----- Data -----

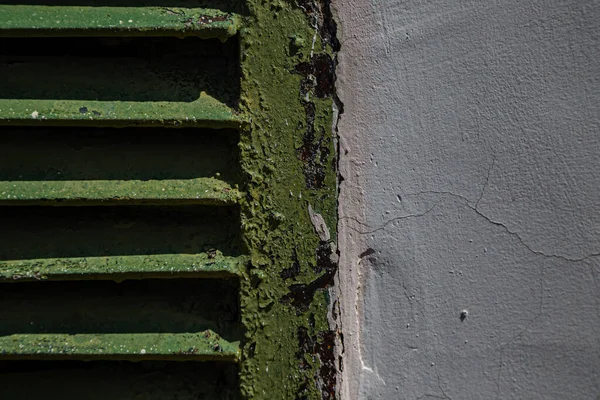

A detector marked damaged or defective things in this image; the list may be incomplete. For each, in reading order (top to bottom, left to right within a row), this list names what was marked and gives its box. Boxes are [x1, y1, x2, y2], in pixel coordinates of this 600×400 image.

peeling green paint [0, 5, 240, 39]
corroded metal strip [0, 6, 240, 40]
corroded metal strip [0, 95, 245, 128]
corroded metal strip [0, 179, 244, 206]
peeling green paint [238, 1, 340, 398]
cracked concrete surface [332, 0, 600, 398]
corroded metal strip [0, 253, 246, 282]
corroded metal strip [0, 332, 240, 362]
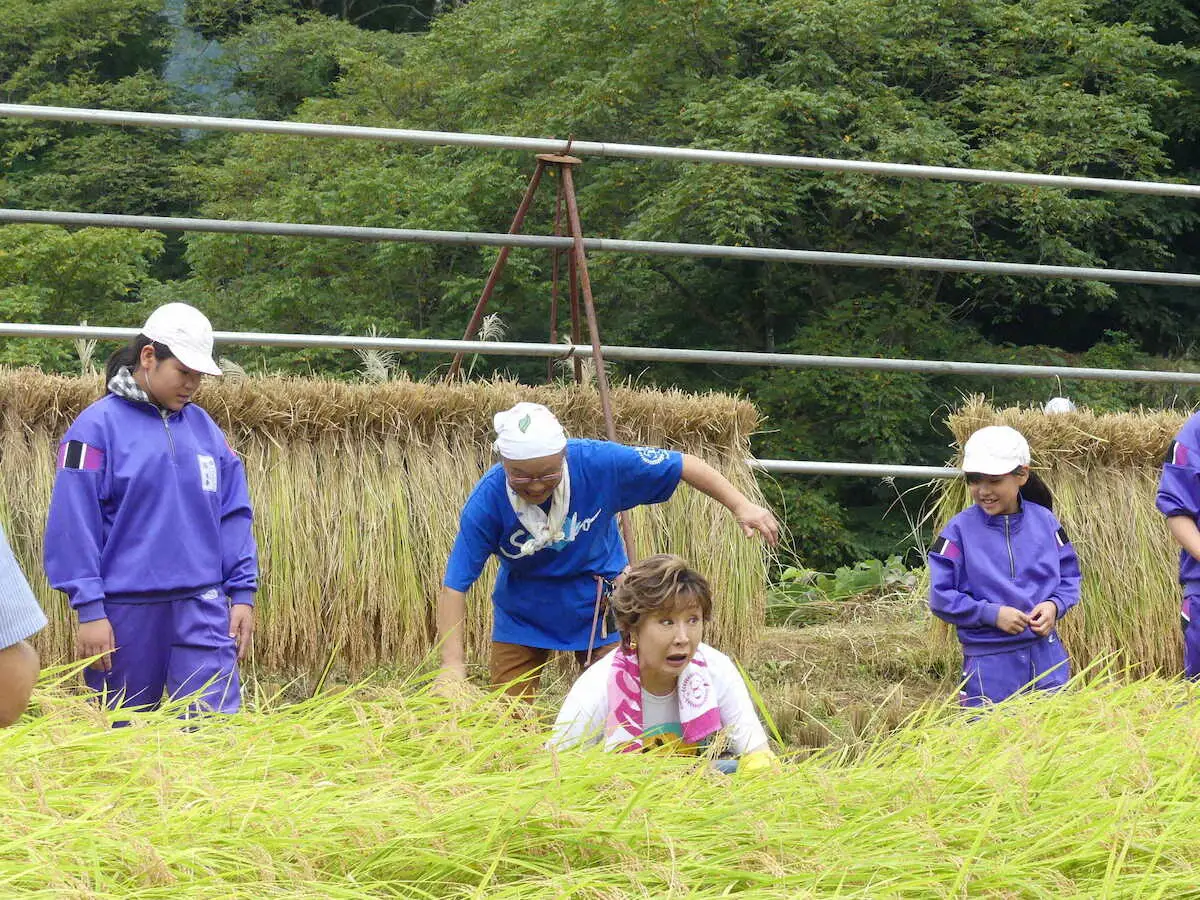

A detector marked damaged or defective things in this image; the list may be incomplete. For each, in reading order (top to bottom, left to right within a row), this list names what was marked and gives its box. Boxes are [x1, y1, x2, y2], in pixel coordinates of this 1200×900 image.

rusty metal tripod [448, 151, 638, 609]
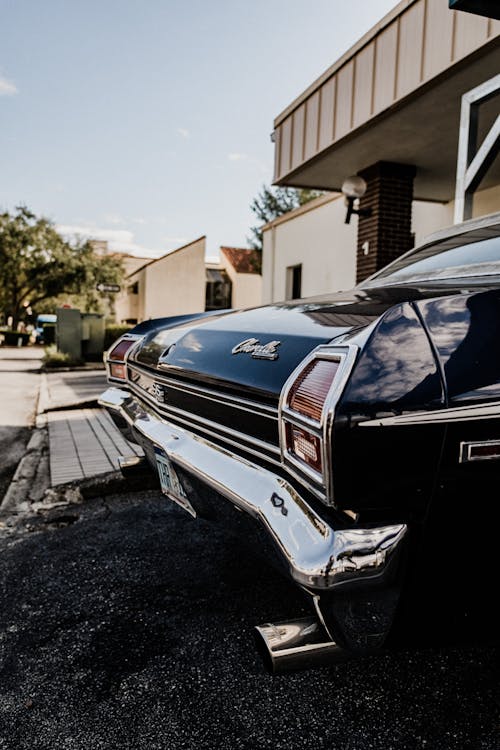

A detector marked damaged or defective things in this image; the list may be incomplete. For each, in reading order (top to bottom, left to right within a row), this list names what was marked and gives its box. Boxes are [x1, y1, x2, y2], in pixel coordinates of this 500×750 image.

cracked pavement [0, 490, 498, 748]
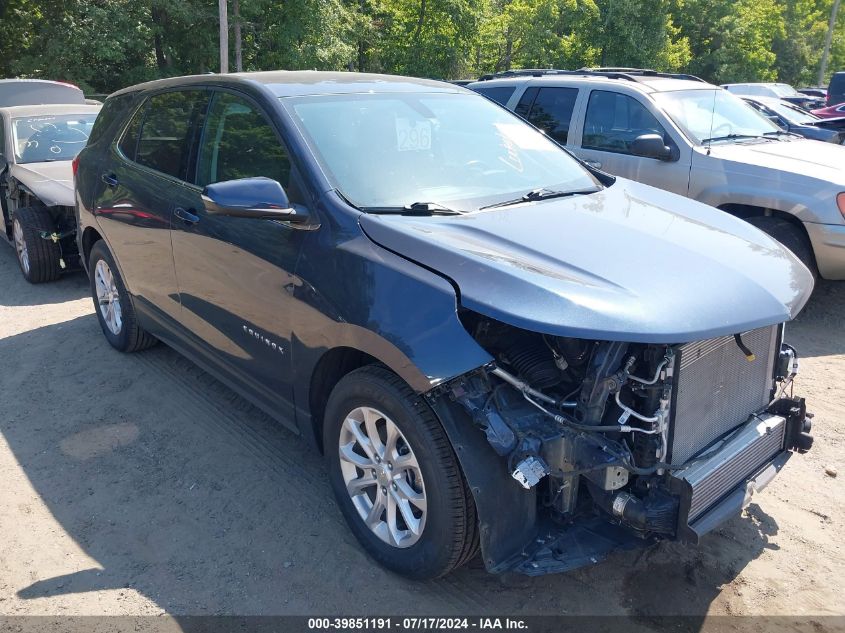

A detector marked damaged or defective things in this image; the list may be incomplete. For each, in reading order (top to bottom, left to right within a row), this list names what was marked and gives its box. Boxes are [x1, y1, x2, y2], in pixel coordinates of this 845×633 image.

crumpled hood [9, 160, 74, 207]
damaged chevrolet equinox [76, 71, 816, 580]
crumpled hood [360, 180, 816, 344]
crumpled hood [708, 137, 844, 186]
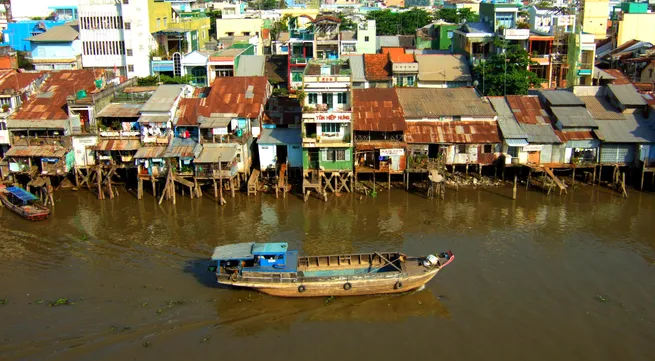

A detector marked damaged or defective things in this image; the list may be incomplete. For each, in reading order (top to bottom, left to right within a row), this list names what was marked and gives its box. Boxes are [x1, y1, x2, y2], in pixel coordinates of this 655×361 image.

rusty corrugated metal roof [9, 69, 98, 121]
rusty corrugated metal roof [354, 88, 404, 131]
rusty corrugated metal roof [400, 88, 498, 117]
rusty corrugated metal roof [508, 94, 552, 125]
rusty corrugated metal roof [404, 121, 502, 143]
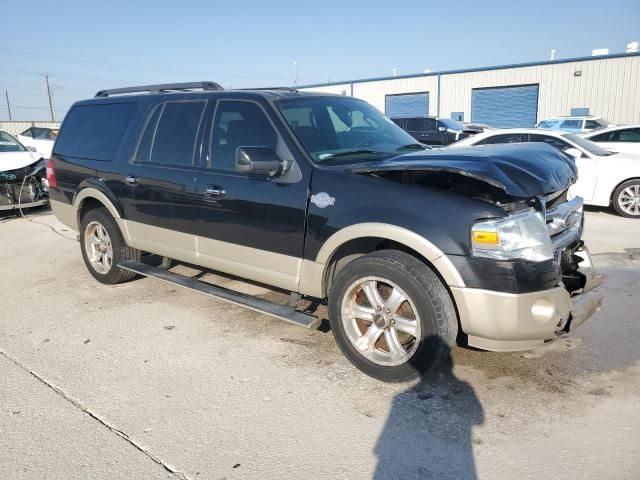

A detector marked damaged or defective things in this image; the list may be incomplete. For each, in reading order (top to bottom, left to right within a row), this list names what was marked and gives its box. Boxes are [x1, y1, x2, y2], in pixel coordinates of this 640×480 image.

crumpled hood [0, 152, 42, 172]
front bumper damage [0, 162, 48, 211]
damaged front end [0, 159, 49, 210]
crumpled hood [352, 142, 576, 197]
broken headlight [470, 209, 556, 262]
front bumper damage [452, 248, 604, 352]
cracked concrete [1, 207, 640, 480]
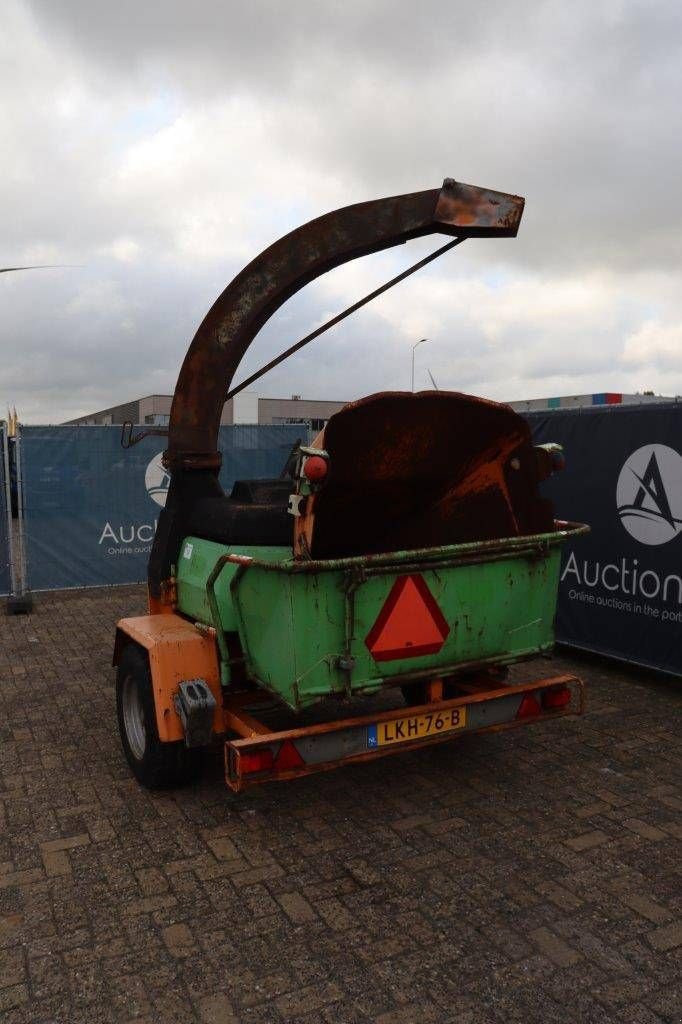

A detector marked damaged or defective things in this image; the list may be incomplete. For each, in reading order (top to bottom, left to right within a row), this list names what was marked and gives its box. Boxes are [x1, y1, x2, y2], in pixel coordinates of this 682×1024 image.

rusty metal surface [303, 387, 552, 561]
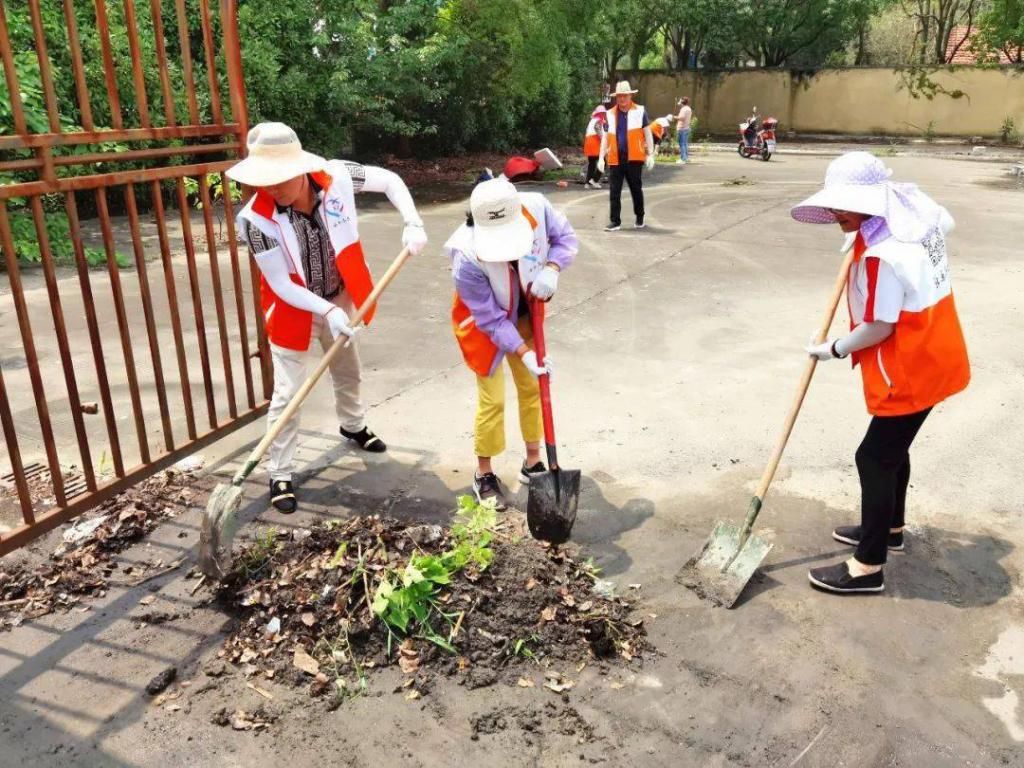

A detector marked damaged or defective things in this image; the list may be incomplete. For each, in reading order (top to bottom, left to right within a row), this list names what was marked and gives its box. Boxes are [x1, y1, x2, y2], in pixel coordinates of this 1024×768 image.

rusty gate bar [0, 0, 270, 557]
rusty metal gate [0, 0, 272, 557]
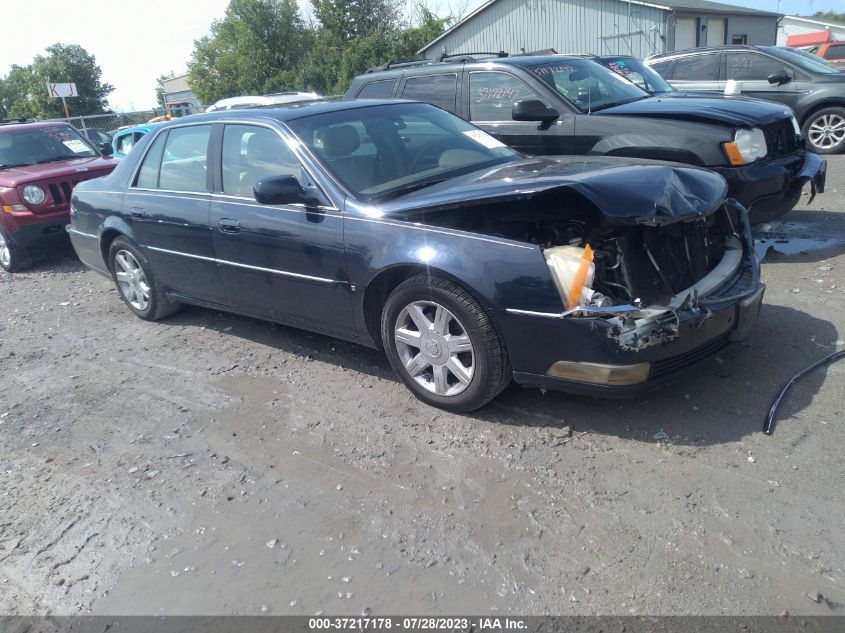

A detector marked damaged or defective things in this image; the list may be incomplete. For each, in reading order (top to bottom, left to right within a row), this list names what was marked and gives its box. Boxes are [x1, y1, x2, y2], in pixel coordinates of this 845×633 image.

crumpled hood [596, 94, 796, 126]
crumpled hood [0, 156, 115, 188]
crumpled hood [372, 156, 728, 227]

-----

### Task item
Text only, no pictures: copy every entry exactly.

### Written response
A detector marked damaged or defective things in this image; the list may be incomplete. For each, in reading order (top to bottom, left to right within a row), this list names what was marked and gives its box. Boxes are [x1, y1, x2, y2], in pixel coordinates of this 600×400 image.

peeling green paint [0, 5, 240, 39]
corroded metal strip [0, 6, 240, 40]
corroded metal strip [0, 95, 245, 128]
corroded metal strip [0, 179, 244, 206]
peeling green paint [238, 1, 340, 398]
cracked concrete surface [332, 0, 600, 398]
corroded metal strip [0, 253, 246, 282]
corroded metal strip [0, 332, 240, 362]

A detector marked damaged or defective things in this image; the list may be incomplete. For each, in reading order (top to bottom, left to right within a row), this list names what was marked and gives its box. Boxes are [x1, y1, x2, y2], in pixel coordinates of this 1200×900 image.

rusty metal tripod [448, 151, 638, 609]

A detector marked damaged or defective things in this image; the list may be incomplete. For each, in reading order (top to bottom, left to right within a row), this list names what was marked and gives its box. Boxes are [x1, y1, x2, y2], in pixel coordinates of this 500×750 image.

cracked pavement [0, 490, 498, 748]

A detector marked damaged or defective things in this image; the list may be incomplete. For each, in reading order (top to bottom, left to right within a row), this list names what was marked and gives its box. Boxes are [x1, y1, x2, y2], in pixel coordinates of this 845×633 image.

crumpled hood [9, 160, 74, 207]
damaged chevrolet equinox [76, 71, 816, 580]
crumpled hood [360, 180, 816, 344]
crumpled hood [708, 137, 844, 186]

A detector marked damaged or defective things in this image; the list may be incomplete. For each, in reading order (top to bottom, left to right within a row), this list names what was marked and gives its box. Boxes are [x1, y1, x2, y2], in pixel coordinates of this 655×361 image.

rusty corrugated metal roof [9, 69, 98, 121]
rusty corrugated metal roof [354, 88, 404, 131]
rusty corrugated metal roof [400, 88, 498, 117]
rusty corrugated metal roof [508, 94, 552, 125]
rusty corrugated metal roof [404, 121, 502, 143]

A detector marked damaged or defective things in this image; the list may be incomplete. For each, in reading order (top to bottom, left to right within a row), this list names what was marked and gives its box. Boxes are [x1, y1, x2, y2], in pixel coordinates of this 640×480 image.

crumpled hood [0, 152, 42, 172]
front bumper damage [0, 162, 48, 211]
damaged front end [0, 159, 49, 210]
crumpled hood [352, 142, 576, 197]
broken headlight [470, 209, 556, 262]
front bumper damage [452, 248, 604, 352]
cracked concrete [1, 207, 640, 480]

A detector marked damaged or defective things in this image; the list may be incomplete. For each, in reading order (top to bottom, left to right within a row), this list names what was marked and gives its box. Boxes are [x1, y1, x2, y2], in pixel coordinates of this 682×1024 image.

rusty metal surface [303, 387, 552, 561]

A detector marked damaged or defective things in this image; the list may be incomplete. For each, in reading order (top to bottom, left to right within a row), this list names what was marked and gives its box. Boxes are [x1, y1, x2, y2], in pixel coordinates of this 1024×768 image.

rusty gate bar [0, 0, 270, 557]
rusty metal gate [0, 0, 272, 557]

A detector marked damaged or defective things in this image; the list may be incomplete. For each, in reading order (top to bottom, left to right within a row), this list names what was marked and gives its box. Boxes are [x1, y1, x2, y2], in pixel coordinates of this 845×633 image.

crumpled hood [596, 94, 796, 126]
crumpled hood [0, 156, 115, 188]
crumpled hood [372, 156, 728, 227]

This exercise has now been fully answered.